Thursday, February 4, 2010

The Cage of Fear

A couple of days ago I received a very troubling email from a woman I don’t even know. The woman, let’s call her Shelley, is a student in an online religion class that I’m teaching. The first week Shelley posted a short bio and told the class that she had left a bad marriage and that after years of struggle she was engaged to a wonderful man, let’s call him Will, who she felt was sent by God to rescue her and her children.

About a week into the class, I got an email from Shelley telling me that her assignments would be late because Will had died that morning. I wrote a short note of condolence, explaining that I too had lost a beloved partner and that I would be praying for her and her children.

The next day in my inbox I found another message from Shelley, one that bent and twisted my heart like a rag doll. She was grateful for my note, she said, because though she had loving family around, they hadn’t experienced this kind of loss and she was feeling very alone. She and her children were devastated, but she believed that her faith in God, which Will had helped to nurture, would get her through.

I was saddened for Shelley and the sense of isolation she felt, but it was the next part of her email that shook me to the core. She told me that she and Will had both been saved last year, and that in response to their new relationship to God they had forged a new relationship with each other, seeking to express with their lives what they believed with their hearts. “I know he is a forgiving God,” she wrote, but she wondered, “Do you think that what we have done since being saved was enough for God to accept Will?”

I read these words, over and over again, through a veil of tears clouding my eyesight. Even now, more than a week later, I can’t read this without having to blink back tears. I think of this poor woman, grieving the loss of the man she loves and so worried about whether or not he will spend eternity in Hell that she is willing to share her deepest concerns with me, a woman whose personality, beliefs, thoughts and even face are unknown to her. “Anything to ease my fears some,” she wrote, crying out in her pain.
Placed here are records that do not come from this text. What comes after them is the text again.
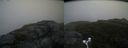 ./images/calvert/buxton2/20170929/buxton220170929_092726M.jpg
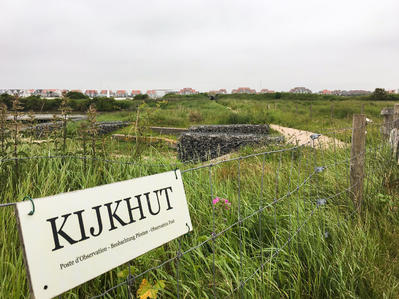 Kijkhut in de ijzermonding, veel groen
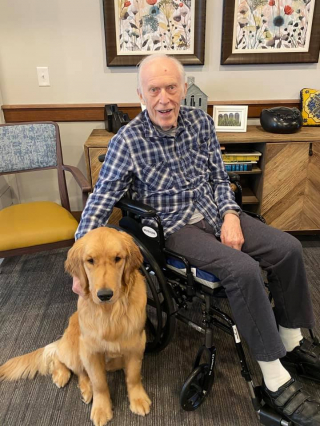 Illustration de l'article : Ce Golden Retriever redonne le sourire aux résidents d’une maison de retraite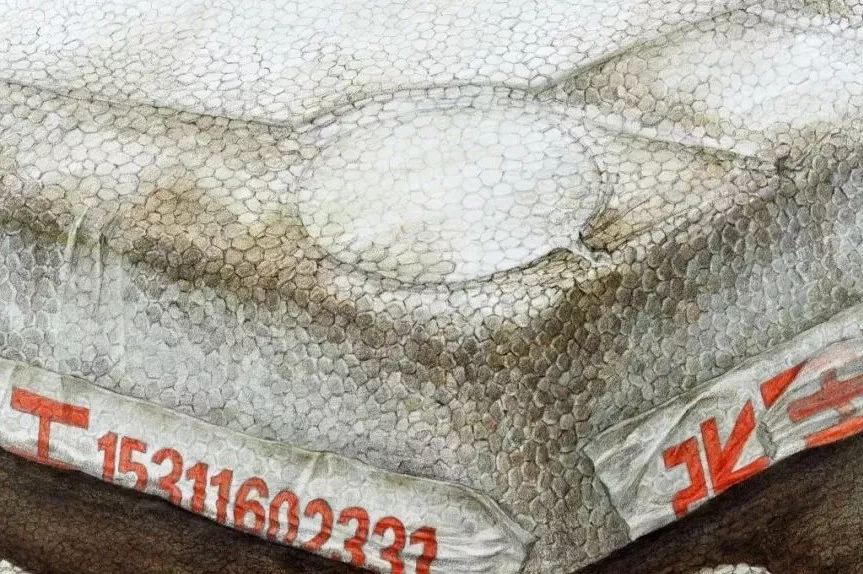 央美vs985,鲁美附中精微素描作品欣赏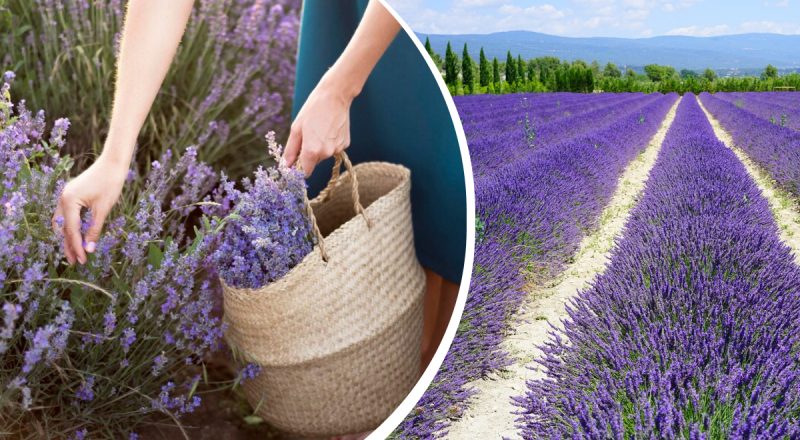 Когда и как правильно обрезать лаванду: секреты, которые обеспечат обильное цветение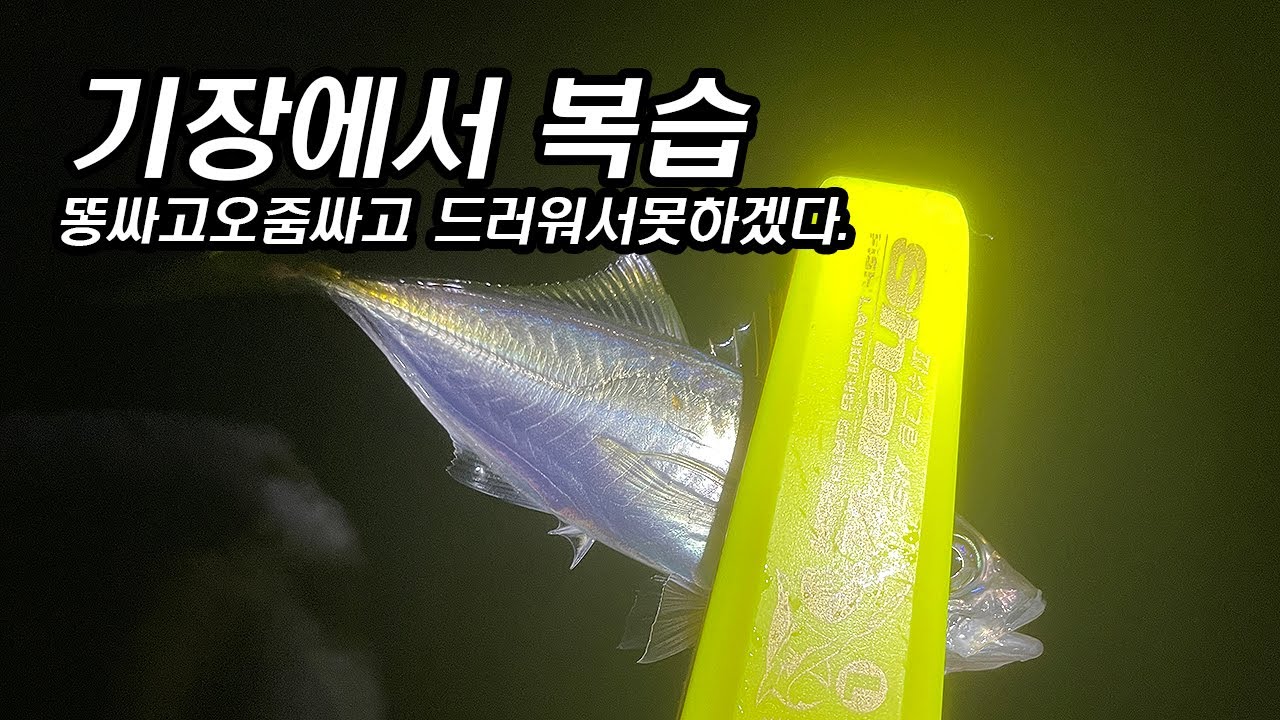 아징 / ABUGARCIA REAL FINESSE PROTO TYPE ERFS-60PRO-FS / 알리 TEBEN LS 800PRO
She couldn’t speak to her pastor, she said, because he didn’t condone Shelley and Will living together and she had no where to turn for answers.

I was floored by her words, humbled by her trust, and most of all heartsick that in the throes of a terrible sorrow, Shelley had to wade through a belief system that left her terrified for Will’s salvation. Making a deep and earnest change in his life wasn’t enough, Shelley fears, to appease a vengeful God for past misdeeds. In the midst of what is likely the most harrowing grief of her life, Shelley has to worry about whether the forgiving God of whom she speaks really is forgiving, whether the creator of the universe could have as much compassion as she herself had for a man who had both loved and hurt her.
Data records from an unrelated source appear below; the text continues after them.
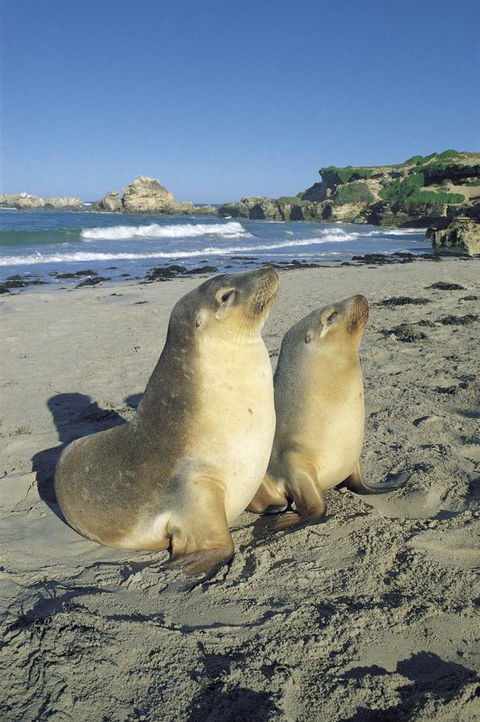 Kangaroo Island Seafront - Internet Find 40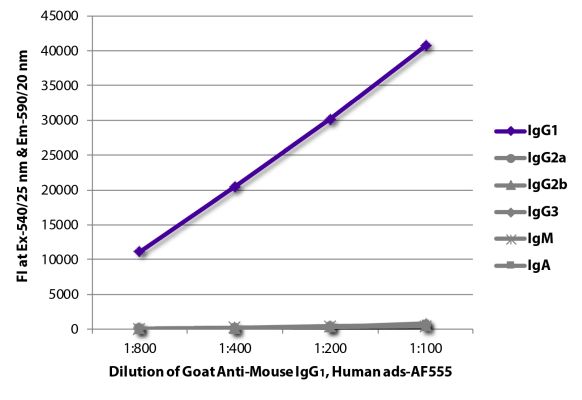 Image: Goat IgG anti-Mouse IgG1 (Fc)-Alexa Fluor 555, MinX Hu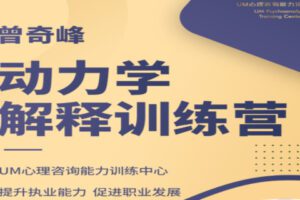 【299[红包]·S1716曾奇峰动力学解释训练营】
I wanted to wrap my arms around Shelley and tell her that all the rules and regulations we’ve made up in God’s name are meaningless compared with one act of love, that if she listened closely she could hear the still, small voice inside her speak of acceptance beyond even the thought of forgiveness. I wanted to take the pain of grief away, and I wanted to take away the terror even more. But all I could do was respond to her email with as many gentle words as I could find and send a cloud of prayers in her direction.

Shelley wisely decided to drop her classes for the semester, and it is unlikely that I will ever hear from her again. But I will think about this woman caged by a theology of fear wrought by those speaking of love, and pray that somewhere in my words or the Bible or the speech of a friend or her own heart she finds the key to unlock the cage and step into a world of compassion and peace.